Former Liberal Democrat leader Sir Menzies Campbell told Today: “I haven’t come wearing a black tie and with a funereal voice. There’s no doubt in my mind that Nick Clegg is the person with the courage and the resilience to take the party through to and during, and indeed after, the next general election.
“I think there’s a serious risk from people like Sandra Gidley of us dipping into six weeks, or perhaps even three months, of damaging introspection.
“What happened in this election, particularly on the European side, is that the debate about Europe began and the person who began that debate was Nick Clegg making the case for Europe, when Labour were seeking to ignore Ukip and the Conservatives were unwilling to engage with them.
“That is a distinctive, and in my view wholly justified, position and one which I hope we will go on advocating.”
Sir Menzies said the results at a local and European level were “disappointing”, but urged the party not to panic. He said that only 200 people had signed the letter, out of 44,000 members of the party.
“People are saying ‘Oh dear’, but what you have to do is not panic,” he said.
“Of course there’s disappointment, but we’ve had disappointments in the past and what do you do? You go back to pounding the pavements, you go back to building up your strength in the way which we know best, by utilising the enormous competence and commitment which Liberal Democrats have locally.”

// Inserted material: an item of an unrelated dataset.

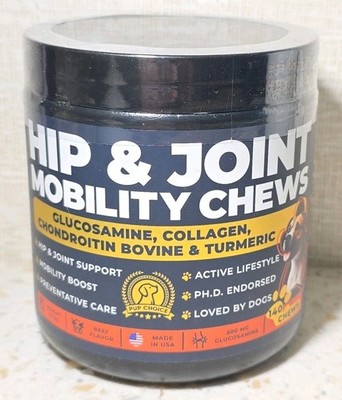 Pup Choice Hip & Joint Mobility Support Glucosamine Collagen 140 Soft Chews Dogs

Ukip leader Nigel Farage predicted that Mr Clegg would be ousted before next year’s general election.
Mr Farage told BBC Radio 4’s Today programme: “Nick Clegg’s position clearly is very vulnerable indeed. I’d be very surprised if he led the Lib Dems into the next election.
“They have gone down to one seat and they’ve been beaten by the Greens in a national election, so I don’t think the Lib Dems will stick with that.”